Norwegian Cruise Line has decided to curtail one of its cruises after the Norwegian Sun (IMO 9218131) hit ice over the weekend of June 25th/26th while travelling in Alaska. The vessel suffered unspecified damages that have forced the ship to skip ports on its current cruise and to cancel its next cruise, so that it can undergo repairs.
Passengers reported on Saturday morning that they awoke to feel a shudder in the ship. The Norwegian Sun at the time was cruising north of Skagway in the Gulf of Alaska, heading towards a scenic visit to Hubbard Glacier. There was fog, but this was not unusual. Norwegian Cruise Line said that the ship “made contact with a growler”. This is typically a smaller chunk of ice defined to be no more than two metres in length. They typically have broken away from a larger formation and are low to the surface of the ocean. This makes them difficult to see from the bridge. The majority of their mass is below the water and often the water can be washing over the top of the chunk of ice.

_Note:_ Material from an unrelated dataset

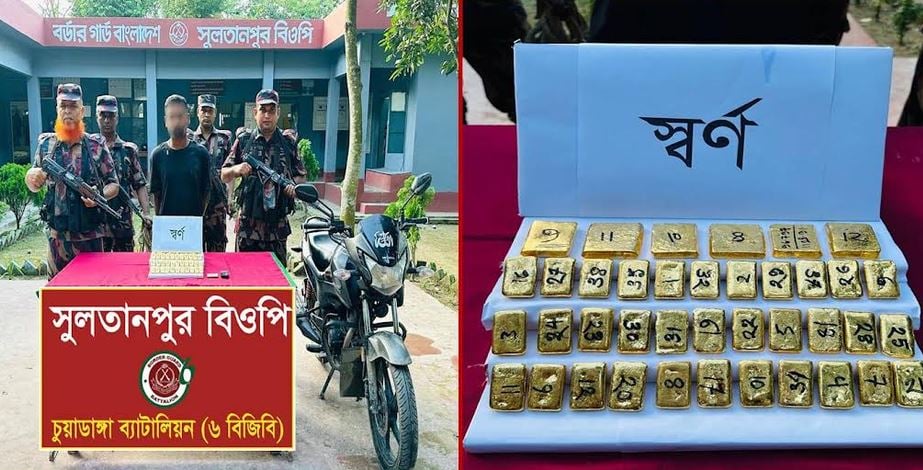 Gold worth Tk 13.33 crore seized, suspected smuggler arrested at Chuadanga border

It was not clear at what speed the cruise ship was travelling. A video posted to social media by passengers showed a large black formation of ice floating in the water larger than the typical growler. The contact was along the forward starboard side of the vessel. The black ice can be seen floating past the cruise ship.
Passengers also reported that the cruise ship was moving slowly after the encounter with the ice.
The Norwegian Sun then changed course, cancelling the scheduled call at Hubbard Glacier and a port visit to Skagway, Alaska, the following day.
Instead it travelled south to Juneau, Alaska, where it arrived later on Sunday. An inspection was carried out to determine the extent of the damage.
A spokesperson for the cruise line said that “the ship was given clearance by the United States Coast Guard and other local maritime authorities to return to Seattle at reduced speed”.
Norwegian is reporting that all guests currently onboard will disembark in Seattle as originally planned.
The Norwegian Sun had left Seattle on June 21st on a nine-night cruise and had already visited Sitka, Alaska and Icy Strait Point before heading toward Hubbard Glacier. The next cruise of the Norwegian Sun, which had been scheduled to depart Seattle on June 30th, has also been cancelled.
The location of this encounter with an unusually large “growler” at a relatively high speed has seen what is the first reported incidence where a modern cruise ship has been damaged and forced to cancel cruises due to hitting an iceberg.
2001-built, Bahamas-flagged, 78,309 gt Norwegian Sun is owned by Norwegian Sun Ltd care of NCL (Bahamas) Ltd of Miami, Florida, USA. It is entered with Steamship Mutual (Americas Syndicate) on behalf of NCL (Bahamas) Ltd. As of June 28th the vessel was heading for Victoria, Canada (ETA June 29th), presumably a technical stop at a “foreign port” so that NCL does not fall foul of US regulations regarding employment on vessels travelling only between US ports.